日本通訳翻訳学会第10回年次大会ポスター

2009年04月20日 | 通訳・翻訳研究

やっと作りました。こちらをごらん下さい。最近はhtmlをいじることはまずないので、手順をほとんど忘れてしまい、えらい苦労しました。(去年作ったはずなのにjpeg画像の作り方を忘れて茫然としてしまった。誰かやってくんないかな。)発表申込み締切は8月1日。厳守のこと。ついでに学会誌の投稿しめきりも同じ日です。

生田長江に『英語独習法』(明治43年、新潮社)という著書があって、その中の「直訳と意訳」という項目でこんなことを言っている。

「例へば、The man who met your father in Asakusa yesterday, was my brother's employee till last month.と云ふ原文を、近頃の普通に行はれる意訳でやると「昨日浅草にて汝の父に出逢ひし所の人は、先月まで我が兄弟の傭人なりき」となる。

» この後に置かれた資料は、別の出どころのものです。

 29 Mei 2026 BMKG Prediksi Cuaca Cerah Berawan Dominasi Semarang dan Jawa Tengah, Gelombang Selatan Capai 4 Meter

成るほど斯う訳しても大体の意味は通ずる。しかし文法上の構造は無視せられ、原文特有の味は解らなくなつて仕舞ふ。それではどうしたらばよいかと云ふに、気が利かないやうだけれど、矢張り従来の直訳で行くより外はない。即ちwhoはThe manとmet your father in Asakusa yesterdayとを結付ける関係代名詞故、原文の文脈を尊重しようとするのには、どうしても「人その人は昨日浅草にて汝の父に出逢ひし所の人は、先月まで我が兄弟の傭人なりき」と訳して見なければなりますまい。」

現在では異様に見えるが、かつてはこういうものを英語学習上の「直訳」と言っていたのである。もちろん長江は、学習者はさらに「意訳」に進み、「意訳の訳読をも或る時期に達すればやめるのです。つまり訳読をしないで書物を読むやうにならなければなりませぬ」とも言っている。
面白いのは、「漢文和訓の次第次第の容易に且つ手際よくなり来つた歴史を見ると、今日の欧文直訳も、追々上手になつて行くに違ない。また一方では其直訳文の影響を受けて、日本語日本文が一歩一歩欧文脈に接近して行く、それ故、現在の直訳に多少の弊害があるとしても、全然これを排斥し去ると云ふやうな無謀な議論は通るべきものでない」と論じていることだ。生田長江の翻訳論は『サラムボウ』序文しか知らなかったが、ここにも彼の翻訳に対する意識が伺える。ただし『サラムボウ』訳については辰野隆が「むしろ創造的でない名訳が欲しいと思うほど読みにくい訳文であった」と言っている。


日本ワーキングメモリ学会など

2009年03月04日 | 通訳・翻訳研究

3月7日は第6回日本ワーキングメモリ学会。以前は京都大学の院生がほとんどだったが、今回は発表者の顔ぶれも多様になり、語学関連の発表も入っている。特別講演はRobert Logie。もう少し理論的な発表も欲しい気がする。いずれにせよ7日は学会の理事会なので行けないのだが。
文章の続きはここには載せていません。